* Exercise brief: Using the data that follows, give again word for word the lines between the one holding "this 400×225 image." and the one holding "this 250×188 image.", inclusive. Omit the pictures.

* Information shown:
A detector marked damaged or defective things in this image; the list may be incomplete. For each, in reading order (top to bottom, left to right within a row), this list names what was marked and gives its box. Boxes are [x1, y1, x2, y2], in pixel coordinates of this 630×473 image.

* * *

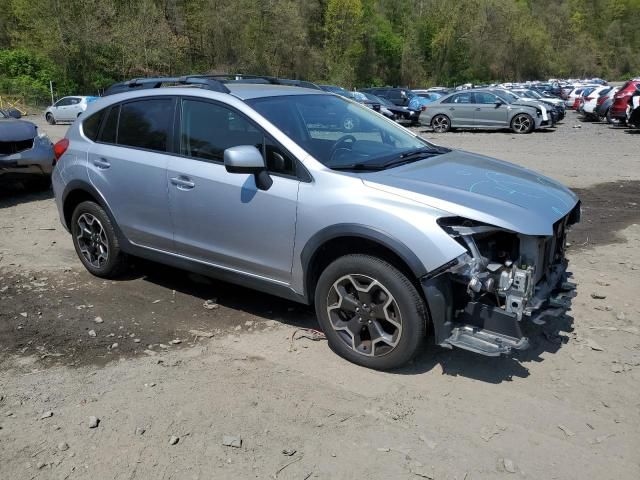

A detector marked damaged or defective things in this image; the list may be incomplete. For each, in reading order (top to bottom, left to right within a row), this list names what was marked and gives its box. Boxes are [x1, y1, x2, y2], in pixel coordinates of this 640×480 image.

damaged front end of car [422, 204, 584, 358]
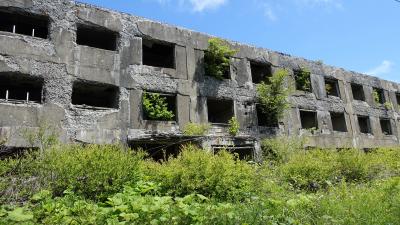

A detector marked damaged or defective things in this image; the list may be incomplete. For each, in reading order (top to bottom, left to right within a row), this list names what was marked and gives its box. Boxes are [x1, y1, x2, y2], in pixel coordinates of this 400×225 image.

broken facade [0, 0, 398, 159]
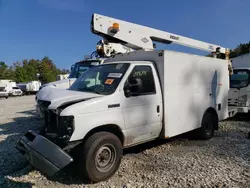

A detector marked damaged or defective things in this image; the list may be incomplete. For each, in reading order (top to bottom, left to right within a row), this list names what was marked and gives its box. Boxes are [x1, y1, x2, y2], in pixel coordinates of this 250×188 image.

* Your response:
A detector marked damaged or defective things in this image; the list may be incomplete. For each, in reading order (top to bottom, left to right within a row), this list names what was marked and gives its box. Boxes are [x1, y1, x2, y2], in pixel coordinates of this 400×225 image.

broken facade [0, 0, 398, 159]

A detector marked damaged or defective things in this image; the list may be incomplete. For each, in reading order (top to bottom, left to right within a row), this list names what was marked and gives its box. Boxes are [x1, y1, x2, y2], in pixel coordinates of this 250×188 image.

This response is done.